I'm not entirely sure on that but I have no data to back it up, just personal experience. The south (GA, SC, FL, etc) has the Port of Savannah which is the 3rd busiest in the US (right behind Los Angeles and New York). Yet we have some of the most expensive food items, especially in Atlanta which is a massive nationwide distribution hub due to our railways and highways.
EDIT: Makes sense for fruits and vegetables mainly, due to California's agriculture. But shelf-stable and prepackaged goods still maintain a very high price even over in the South.
Would make sense. Aldi tends to operate on a fixed margin.
In the past that used to be around 2-3%, which is why, until 2014, they wouldn't accept credit or US debit cards, as the fees were higher than their margin and they couldn't pass those on to customers.
On the contrary, a successful business will eat some costs in order to generate more profit. That's the definition of a loss leader.
When Publix sells a rotisserie chicken for $8, they're taking a loss on every one. If people only came to Publix for the chicken, they'd go bankrupt in a month. Hence they aren't passing on the cost. They hope people will buy other items too, which have higher margins, and make up the difference of lost profit - and they are right.
When Publix lets me see inside the market because they have the lights on, lets me not shiver because they have the heat on, or lets me use a shopping basket without charging for it, they're also "eat[ing] some costs in order to generate more profit".
Surely GP's text should be ever-so-slightly charitably read to mean overall/aggregated costs, not that each and every individual cost is passed on.
In the context of the comment I replied to, I meant all businesses pass on all costs in aggregate.
But the commenter I replied to then clarified they meant the business does not evenly spread the transportation costs equally amongst all customers nationwide.

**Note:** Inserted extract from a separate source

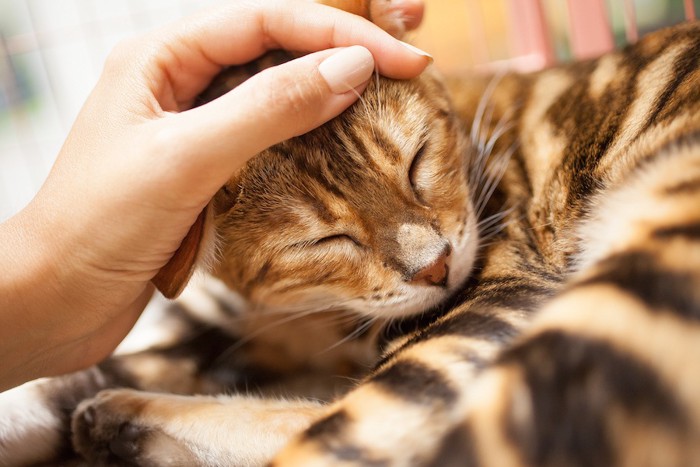 飼い主に頭を撫でられて嬉しそうな猫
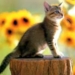 cat always landing on its feet 7412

Right, they're all part of the same concept. The business doesn't necessarily pass costs on to a customer. They may be intending to make a profit, and thus may recoup costs in other ways than what the consumer is directly paying for. "Eventually making enough money to keep the lights on" is a different concept than "recouping all costs".
Other examples:
- "Free" online services aren't paid for by users, so the business eats the cost of the service. But they hope to recoup the cost from advertisers or from selling data. The users are customers, and the advertisers are customers, but only some of the customers are subsidizing the business, hence the cost is only passed to some of the customers.
- Another example of the above: 40% of the profit for Neiman Marcus comes from 2% of the customers. The brunt of the cost of the business is not getting passed on to 98% of customers.
- Tech darlings (Uber, etc) lose money hand over fist for years, sometimes decades, never recouping their cost.
- Some businesses/industries are heavily subsidized. The customer sees a low price, and the business's costs are actually "passed on" to a tax-paying polity, who are often not the customer.
- A business may write down costs (due to a loss), paying the difference out of pocket, without passing on this write-down to customers.
So a business can spend more money than it makes, it can spend someone else's money [not needing to recoup said cost], it can literally just pay a cost out of pocket without any expectation of return, and it can spend a lot of money to make very little in profit.
EDIT: Makes sense for fruits and vegetables mainly, due to California's agriculture. But shelf-stable and prepackaged goods still maintain a very high price even over in the South.